To give AI-focused women scholars and professionals their overdue recognition, we’re launching a series of interviews spotlighting outstanding women who’ve contributed significantly to the AI revolution. Throughout the year, as the AI boom continues, we’ll highlight key yet often unrecognized work. Read more profiles here.
If you know of someone we’ve missed and should be on the list, please email me, and I’ll strive to include them. Here are some key individuals you should be aware of:
- Irene Solaiman, head of global policy at Hugging Face
- Eva Maydell, member of the European Parliament and EU AI Act adviser
- Lee Tiedrich, AI expert at the Global Partnership on AI
- Rashida Richardson, senior counsel at Mastercard focusing on AI and privacy
- Krystal Kauffman, research fellow at the Distributed AI Research Institute
- Amba Kak, creator of policy recommendations to address AI concerns
- Miranda Bogen, developer of solutions to help govern AI
- Mutale Nkonde, working through her nonprofit to reduce AI bias
- Karine Perset, aiding governments in understanding AI
- Francine Bennett, using data science to make AI more responsible
- Sarah Kreps, professor of government at Cornell
- Sandra Wachter, professor of data ethics at Oxford
- Claire Leibowicz, AI and media integrity expert at PAI
- Heidy Khlaaf, safety engineering director at Trail of Bits
- Tara Chklovski, CEO and founder of Technovation
- Catherine Breslin, founder and director of Kingfisher Labs
- Rachel Coldicutt, founder of Careful Industries
- Rep. Dar’shun Kendrick, member of the Georgia House of Representatives
- Chinasa T. Okolo, fellow at the Brookings Institution
- Sarah Myers West, managing director at the AI Now Institute
- Miriam Vogel, CEO of EqualAI
- Arati Prabhakar, director of the White House Office of Science and Technology Policy
The gender gap in AI
In a New York Times article late last year, it showcased how the AI boom began, mentioning well-known figures like Sam Altman, Elon Musk, and Larry Page. The article went viral, not for its content but for what it overlooked: women.
The Times’ list featured 12 men, mostly leaders of AI or tech companies, many without any formal or informal training in AI.
Contrary to the Times’ implication, the AI wave didn’t begin with Musk sitting next to Page in a Bay Area mansion. It started long before, with academicians, regulators, ethicists, and enthusiasts working diligently and often unnoticed to lay the groundwork for today’s AI and generative AI systems.
Elaine Rich, a retired computer scientist from the University of Texas at Austin, authored one of the first AI textbooks in 1983 and later directed a corporate AI lab in 1988. Harvard professor Cynthia Dwork made significant contributions decades ago in AI fairness, differential privacy, and distributed computing. Cynthia Breazeal, a roboticist and MIT professor, co-founded the robotics startup Jibo and developed one of the first “social robots,” Kismet, in the late ’90s and early 2000s.
Despite their many contributions, women constitute only a small fraction of the global AI workforce. According to a 2021 Stanford study, just 16% of tenure-track faculty focusing on AI are women. Another study published the same year by the World Economic Forum found that women hold only 26% of analytics-related and AI positions.
In bad news, the gender gap in AI is not closing but widening.
Nesta, the UK’s innovation agency for social good, conducted a 2019 analysis that found the proportion of AI academic papers co-authored by at least one woman hadn’t improved since the 1990s. As of 2019, only 13.8% of AI research papers on Arxiv.org, a repository for preprint scientific papers, were authored or co-authored by women, with the numbers declining over the past decade.
Reasons for disparity
The disparity can be attributed to many factors. A Deloitte survey of women in AI highlights some prominent reasons, such as judgment from male peers and discrimination for not fitting established male-dominated AI molds.

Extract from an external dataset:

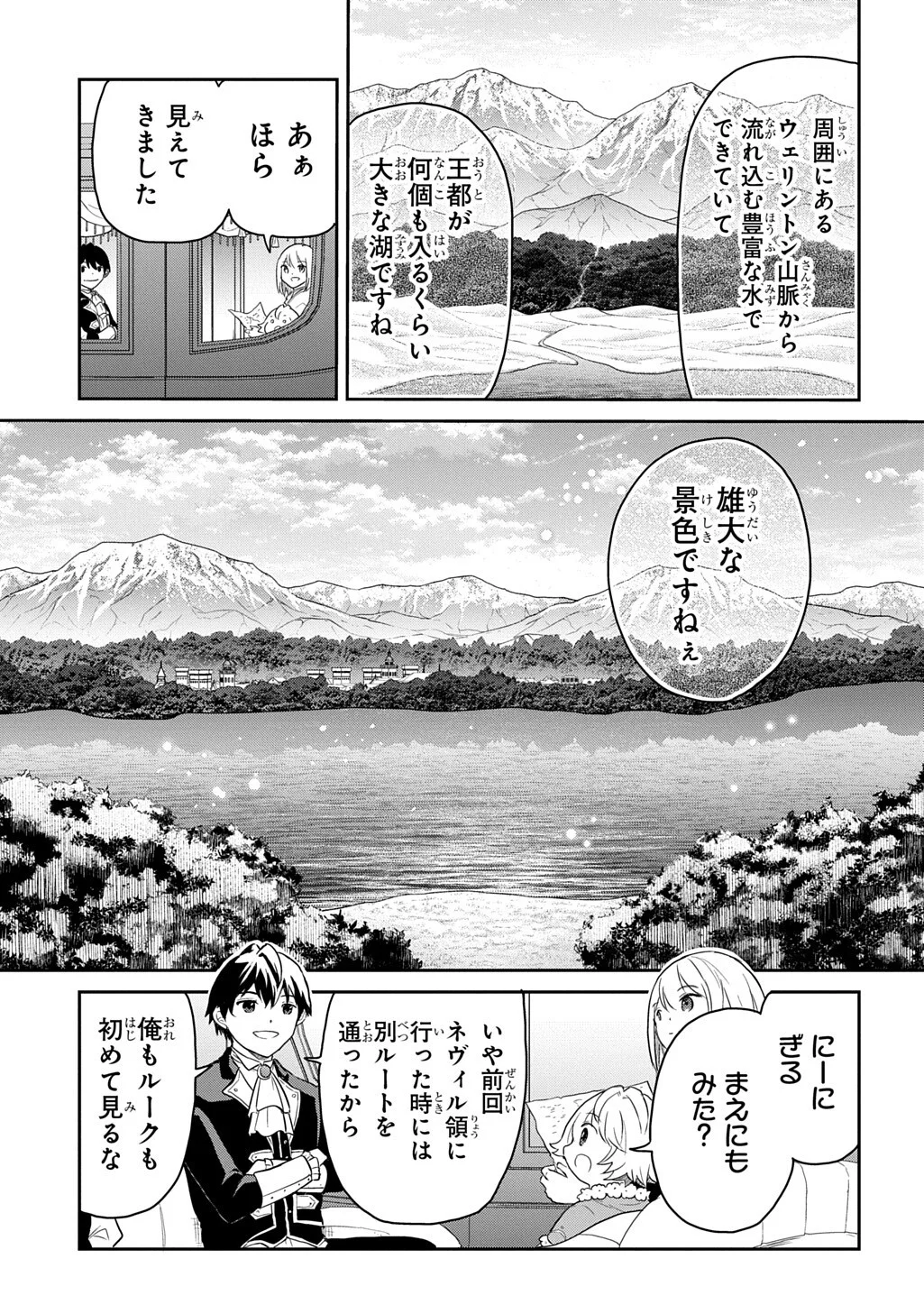 TENSEI YOUJO WA AKIRAMENAI - RAW Chapter 69.1 page 3 - nihonkuni.com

It begins in college: 78% of women in the Deloitte survey said they didn’t have the chance to intern in AI or machine learning during their undergraduate studies. Over half (58%) left at least one employer due to differing treatment of men and women, while 73% considered leaving the tech industry altogether because of unequal pay and limited career advancement opportunities.
The scarcity of women is detrimental to the AI field.
Nesta’s analysis discovered that women are more likely than men to consider societal, ethical, and political implications in their AI work — not surprising, given that women live in a world where they face gender-based belittlement, market products are designed for men, and women with children often balance work with being primary caregivers.
Hopefully, our initiative — a series on accomplished women in AI — will help make progress. However, there’s still much work to be done.
The women we profile offer many suggestions to improve and advance the AI field. A common theme is strong mentorship, commitment, and leading by example. Organizations can drive change by implementing policies — in hiring, education, or other areas — that uplift women in, or aspiring to join, the AI industry. Those in power can use their influence to create more diverse and supportive workplaces for women.
Change won’t come overnight. But every revolution starts with a small step.